Lange wurde in der Branche das induktive Laden debattiert und erprobt. Es funktioniert, und das auch mit sehr hohen Leistungen. Das zeigt zum Beispiel das Projekt „Emil“ (Elektromobilität mittels induktiver Ladung) der Braunschweiger Verkehrs-GmbH. In der Löwenstadt werden E-Busse auf der Ringlinie M19 seit über drei Jahren kabellos geladen. Mit 200 Kilowatt (kW) an der Endhaltestelle. Die gewerkschaftlich garantierte Pause reicht aus, um die mit 90 Kilowattstunden (kWh) relativ kleine Batterie mit Strom für die nächste Runde zu versorgen.

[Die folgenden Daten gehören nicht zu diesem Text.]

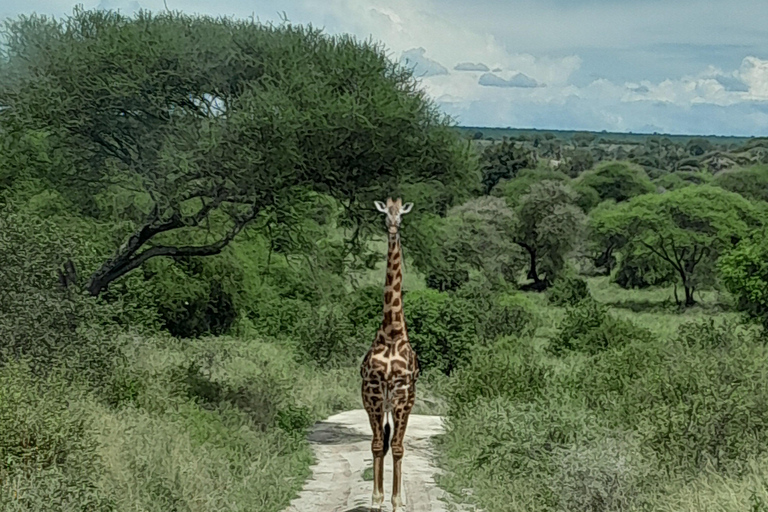 Arusha: Tarangire & Ngorongoro Exclusive Avoiding the Crowds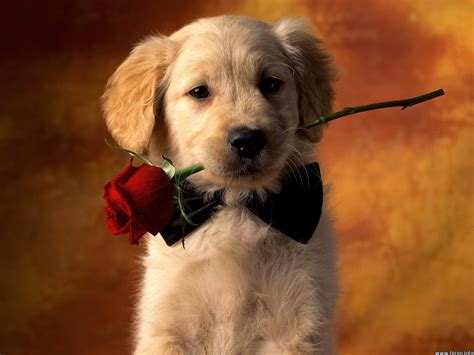 Puppy With A Rose Dogs Wallpaper 10596187 Fanpop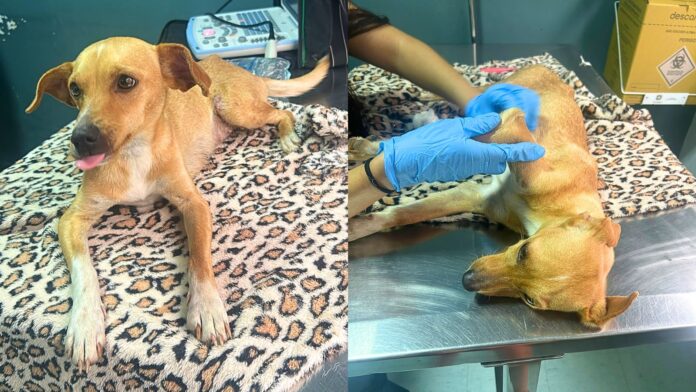 Itabirito: cadelinha resgatada em São Gonçalo do Bação precisa de ajuda para tratamento veterinário Itabirito: cadelinha resgatada em São Gonçalo do Bação precisa de ajuda para tratamento veterinário
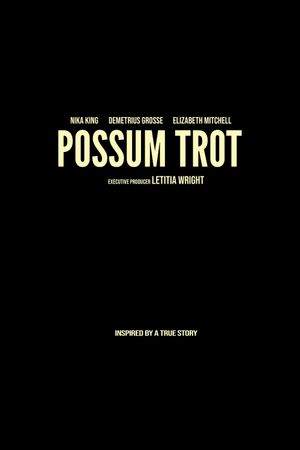Sound of Hope: The Story of Possum Trot's poster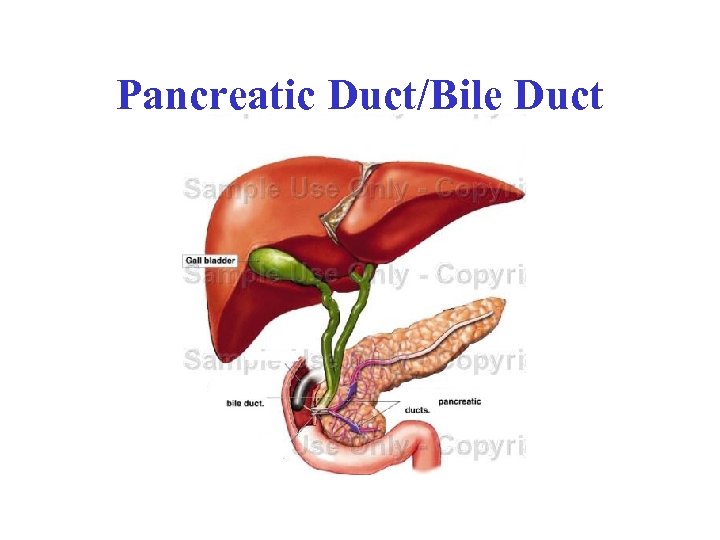 Pancreatic Duct/Bile Duct 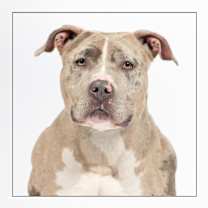 Thumbnail photo of Ruby #2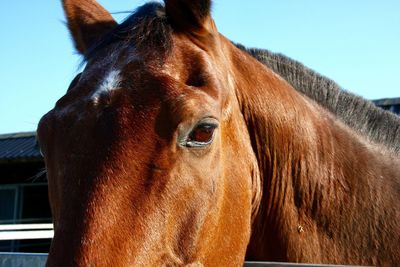 Close-up of a horse head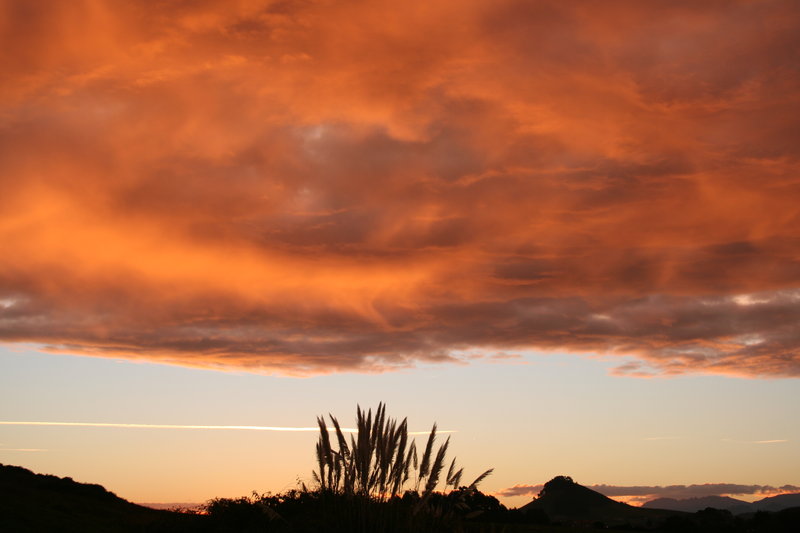 Early morning colors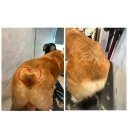 멍탕멍컷 이미지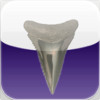 Shark Tooth Guide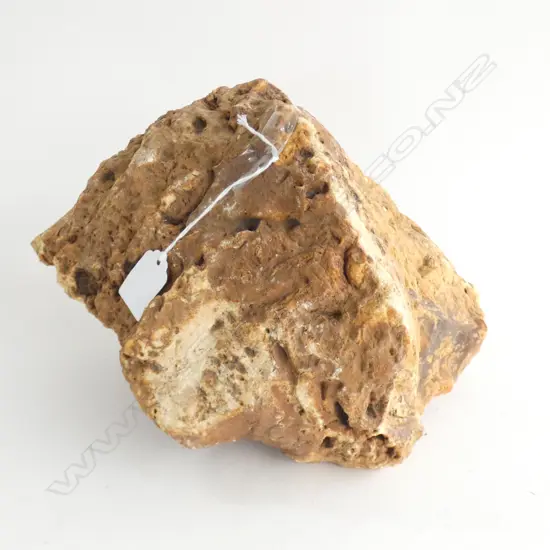 LG KAURI GUM NUGGET  APPROX 300 X 190MM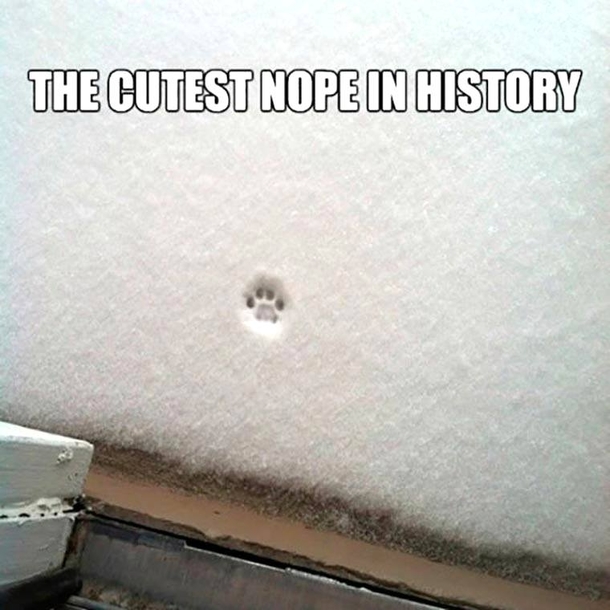 The cutest nope in history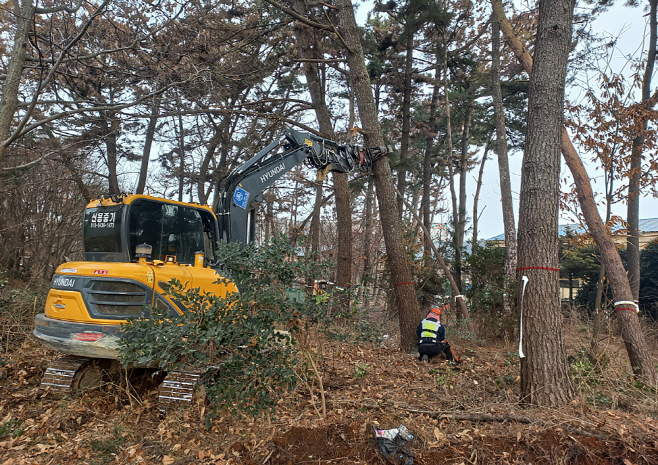 태안군, 109억 투입해 소나무재선충병 막는다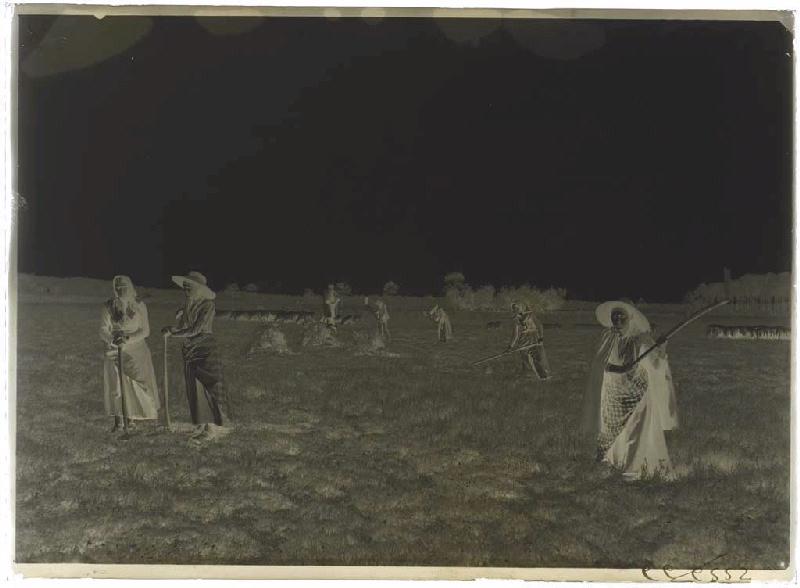 'Taillayres', coupeuses de bruyère - Pradéou (Commensacq) (Titre attribué)
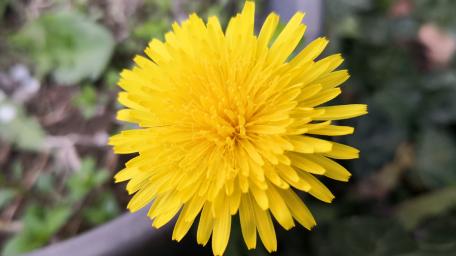 Bright Yellow Dandelion Blossom in Bloom wallpaper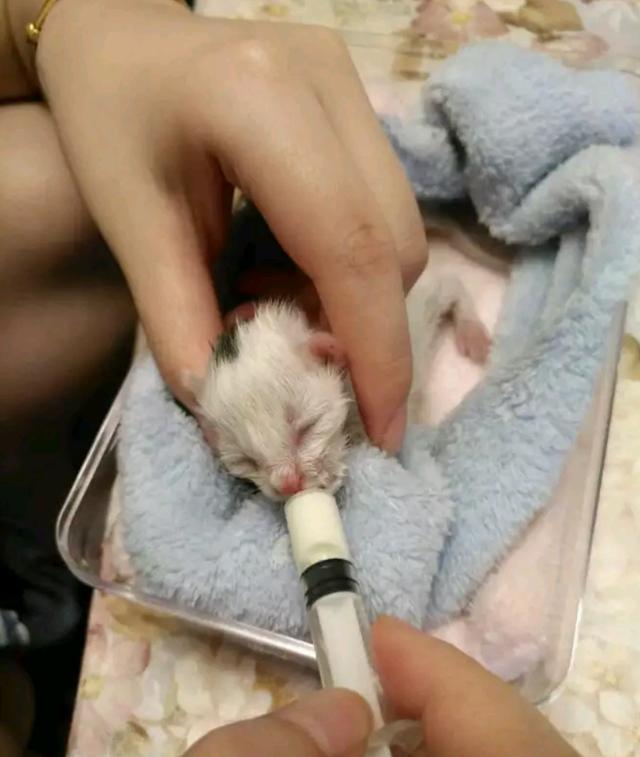 开云电竞|职业病劳动者成维权弱势群体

Für den Pkw wären erheblich kleinere Ladeleistungen genug. 3,6 kW oder 7,2 kW. Oder etwas mehr, wenn der Platz am Wagenboden vorhanden ist. Die internationale Autoindustrie hat sich noch nicht auf einen einheitlichen Standard geeinigt. Und ohne Standard sind die Stückzahlen zu gering, was das induktive Laden teuer macht. Dazu kommt ein hoher technischer Aufwand. Das Fahrzeug muss exakt über der Ladeplatte am Boden ausgerichtet sein, und es müssen Sicherheitsvorkehrungen getroffen werden. Die Verbreitung des Systems ist bisher am Geld gescheitert.
Aus etlichen Ankündigungen sind darum sehr wenig Serienprodukte geworden. BMW etwa verspricht für den Spätsommer, dass der Plug-In-Hybrid 530e als Option kabellos geladen werden kann. Die Leistung soll bei 3,2 kW liegen und der Wirkungsgrad „80 bis 87 Prozent“ betragen. Ein Anfang wäre damit gemacht. Und besonders PHEVs (für Plug-in Hybrid Electric Vehicle) könnten davon profitieren: Hartnäckig hält sich das Gerücht, deren Nutzer würden ohnehin nie im reinen Strommodus fahren, weil das Einstöpseln zu anstrengend ist und nur wenig rein elektrische Kilometer ergibt.
In Hintergrundgesprächen mit Industrievertretern ist die Botschaft unisono: Induktives Laden? Können wir. Ist aber zu teuer.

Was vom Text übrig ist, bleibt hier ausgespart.